As duas maiores economias das Américas – Estados Unidos e Brasil – exercem enorme influência nos mais diversos temas que estão em debate no mundo. A história recente mostra que há inúmeras semelhanças que nos aproximam daquele país, não só do ponto de vista econômico, mas também político. Tanto lá como aqui, o ano de 2024 será marcado por eleições decisivas em pautas que podem mudar a realidade do direito das mulheres. O acesso ao aborto e à saúde reprodutiva embalam discursos fervorosos contra e a favor.
Nos Estados Unidos, o direito ao aborto foi um dos temas presentes na convenção do Partido Democrata, em que Kamala Harris foi oficialmente escolhida como candidata à presidência. Tanto Harris quanto o presidente Joe Biden e outras lideranças reiteraram seu compromisso com a defesa dos direitos das mulheres, incluindo o aborto garantido por lei, em seus discursos. A recente decisão da Suprema Corte dos Estados Unidos, que, após a indicação de juízes conservadores por Donald Trump, restringiu o acesso ao procedimento, reforçou a urgência desse debate.
Kamala Harris, conhecida por seu ativismo em prol dos direitos individuais, já enfrenta uma avalanche de fake news e táticas sujas, resultado da polarização política que contamina o debate público, lá como cá. Grupos conservadores e de extrema-direita tentam normalizar uma narrativa que não disfarça seu sexismo ressentido e posições reacionárias e incitando uma guerra cultural, contra uma narrativas progressistas do campo democrático em especial em questões defendidas por mulheres e demais defensores de justiça social e racial. Grupos de “supremacistas masculinos” que proliferam na internet e buscam ampliar seus discursos junto a eleitores. No caso do aborto, conservadores e de extrema-direita lançam mão de fake news com discursos apelativos, insensatos e desinformados, que visam fortalecer comportamentos racistas, homofóbicos e sexistas atingindo a pauta do direito à saúde sexual e reprodutiva.
Mudando de continente, apesar da descriminalização do aborto em países de tradição católica como Argentina, Colômbia, Uruguai e México, no Brasil, o aborto parece, apesar da relevância do tema, um assunto inexistente nos debates em torno das eleições municipais que se aproximam. Prefeitos, vereadores e outros agentes públicos locais fingem ignorar que têm papel fundamental na garantia de serviços de saúde e na implementação de políticas públicas que respeitem os direitos reprodutivos das mulheres.

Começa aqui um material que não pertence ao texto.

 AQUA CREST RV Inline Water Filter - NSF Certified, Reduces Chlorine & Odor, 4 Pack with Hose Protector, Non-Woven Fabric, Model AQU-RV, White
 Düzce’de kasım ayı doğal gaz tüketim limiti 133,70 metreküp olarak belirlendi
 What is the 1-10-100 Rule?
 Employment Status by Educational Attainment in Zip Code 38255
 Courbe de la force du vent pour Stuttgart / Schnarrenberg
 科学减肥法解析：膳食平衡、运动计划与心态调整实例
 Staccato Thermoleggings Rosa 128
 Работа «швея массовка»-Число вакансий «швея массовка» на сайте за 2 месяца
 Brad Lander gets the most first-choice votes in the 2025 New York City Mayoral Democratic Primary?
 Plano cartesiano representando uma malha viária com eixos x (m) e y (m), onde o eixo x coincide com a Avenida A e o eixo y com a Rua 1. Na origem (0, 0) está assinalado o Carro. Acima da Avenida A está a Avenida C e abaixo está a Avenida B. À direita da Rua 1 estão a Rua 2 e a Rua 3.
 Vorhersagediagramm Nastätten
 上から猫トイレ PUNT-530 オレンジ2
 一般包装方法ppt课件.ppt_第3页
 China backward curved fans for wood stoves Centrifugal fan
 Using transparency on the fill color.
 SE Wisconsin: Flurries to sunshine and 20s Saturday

Não custa lembrar que o direito legal ao aborto no país está preso a uma legislação arcaica de 1940, que criminaliza a prática, exceto em casos de estupro ou risco à vida da mãe. Em 2012, o Supremo Tribunal Federal incluiu dentre as exceções o direito ao abortamento de feto anencéfalo. O efeito dessa limitação de direitos é uma tragédia cotidiana, especialmente para mulheres mais pobres, com menor escolarização, vulnerabilizadas em razão de raça e etnia, entre outros marcadores de desigualdade: Cerca de 800 mil passam por abortamentos inseguros todos os anos, das quais 200 mil recorrem ao SUS para tratar as sequelas de procedimentos malfeitos. Considerando a subnotificação, o número pode chegar a um milhão de casos por ano.